Captioned web images:
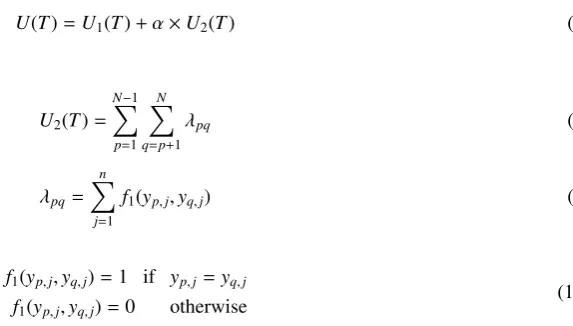 Figure 3: (a) Space-ﬁlling designs (b) Non-collapsing designs (c) Space-ﬁlling and non-collapsing designs.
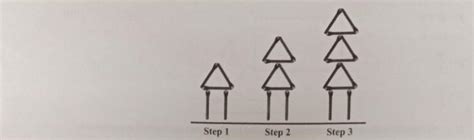 (i) Draw the next shape in the pattern. (ii) Write the number pattern ...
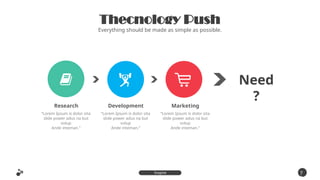 Thecnology Push
Everything should be made as simple as possible.
7
0
Inspire
Presentation
Need
?
Research
“Lorem Ipsum is dolor sita
slide power adus na but
volup
Ande inteman.”
Development
“Lorem Ipsum is dolor sita
slide power adus na but
volup
Ande inteman.”
Marketing
“Lorem Ipsum is dolor sita
slide power adus na but
volup
Ande inteman.”
 
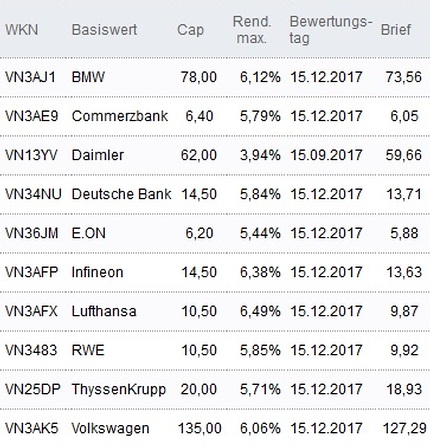 Attraktive Discount-Zertifikate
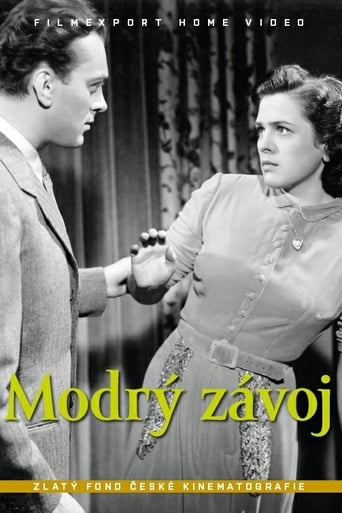 Poster of Modrý závoj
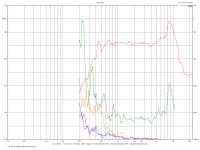 Neo10-24dB-oct--filtered-eq-harmonics.png Neo10-24dB-oct--filtered-eq-harmonics.png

_Exercise instructions_:
With the pictures removed, print the entries above exactly.

_Solution for this task_:
 Figure 3: (a) Space-ﬁlling designs (b) Non-collapsing designs (c) Space-ﬁlling and non-collapsing designs.
 (i) Draw the next shape in the pattern. (ii) Write the number pattern ...
 Thecnology Push
Everything should be made as simple as possible.
7
0
Inspire
Presentation
Need
?
Research
“Lorem Ipsum is dolor sita
slide power adus na but
volup
Ande inteman.”
Development
“Lorem Ipsum is dolor sita
slide power adus na but
volup
Ande inteman.”
Marketing
“Lorem Ipsum is dolor sita
slide power adus na but
volup
Ande inteman.”
 
 Attraktive Discount-Zertifikate
 Poster of Modrý závoj
 Neo10-24dB-oct--filtered-eq-harmonics.png Neo10-24dB-oct--filtered-eq-harmonics.png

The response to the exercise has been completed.